The Blue Devils didn’t need overtime to win 10-5 against Navy in the second round, holding the Midshipmen scoreless for over 40 minutes during one stretch of the contest.
“We had never played Navy; I didn’t know anyone on that team,” said the 5’8 Graham, who contributed a pair of caused turnovers to help Duke stifle Navy.
“We had one day to get our legs back and scout them. We couldn’t have a hard practice. We watched a lot of film. We knew they would be hard-nosed and determined and they were not going to be intimidated about playing Duke. They had Jasmine DePompeo; she was the leading scorer in D-I and we held her scoreless, that was awesome. We played well, we were really in synch. We were riding the momentum off of Friday.”
The ride for Graham ended as Duke fell 14-9 to eventual national runner-up Maryland in the NCAA quarterfinals.
“In the first game against them, we pushed out,” explained Graham, referring to the regular season meeting between ACC rivals in late February which saw the Terps prevail 15-6.
“In the second game, we packed it in more. They have a turf field and it is narrow and that gives them an advantage. They are so fast and athletic. We felt that if we put it together at both ends, we had a good chance to beat them. We had problems clearing; we made too many turnovers. We scored the last four goals. It made me feel better that we played hard to the end.”

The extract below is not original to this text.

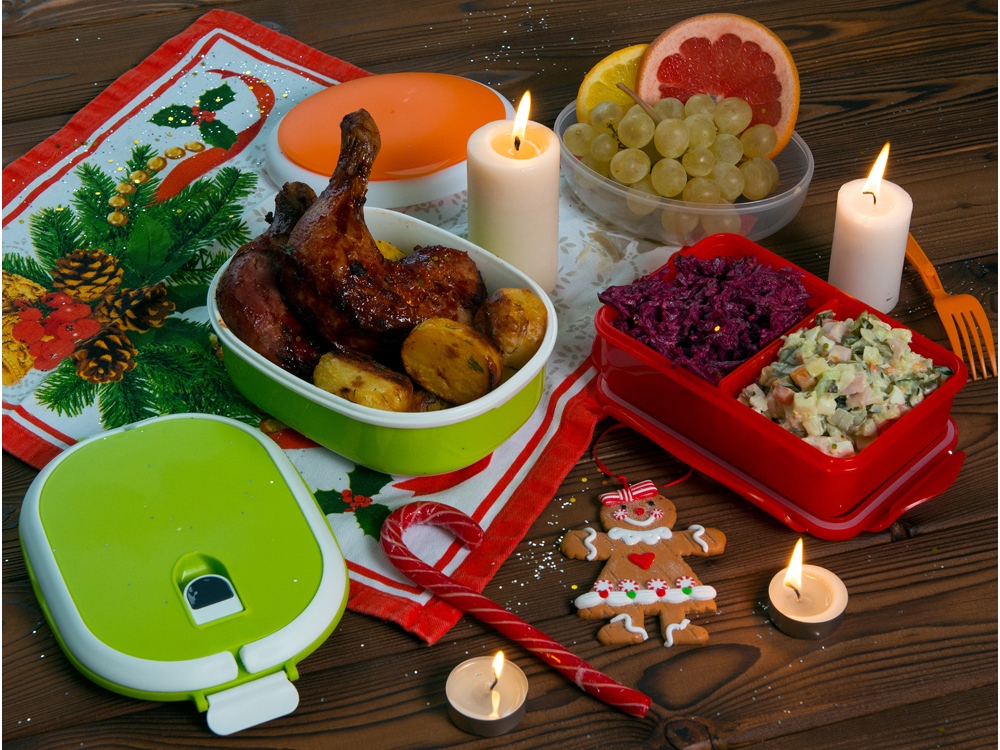 Герметичный ланч-бокс Foody с двумя секциями, 650мл, красный-6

It was hard for Graham to say goodbye to her college lacrosse career under such circumstances.
“Being a leader and a captain, I tried to not show too much emotion,” said Graham.
“I was trying to be strong but it was a hard ride home. I couldn’t be more proud of the team because we fought so hard. When I think about all the work we put in, starting last fall, I was proud. I am excited to see the team next year. I think we have laid a good foundation.”
And when Graham thinks about her Duke career, she can be confident of gaining a strong foundation for whatever lies ahead.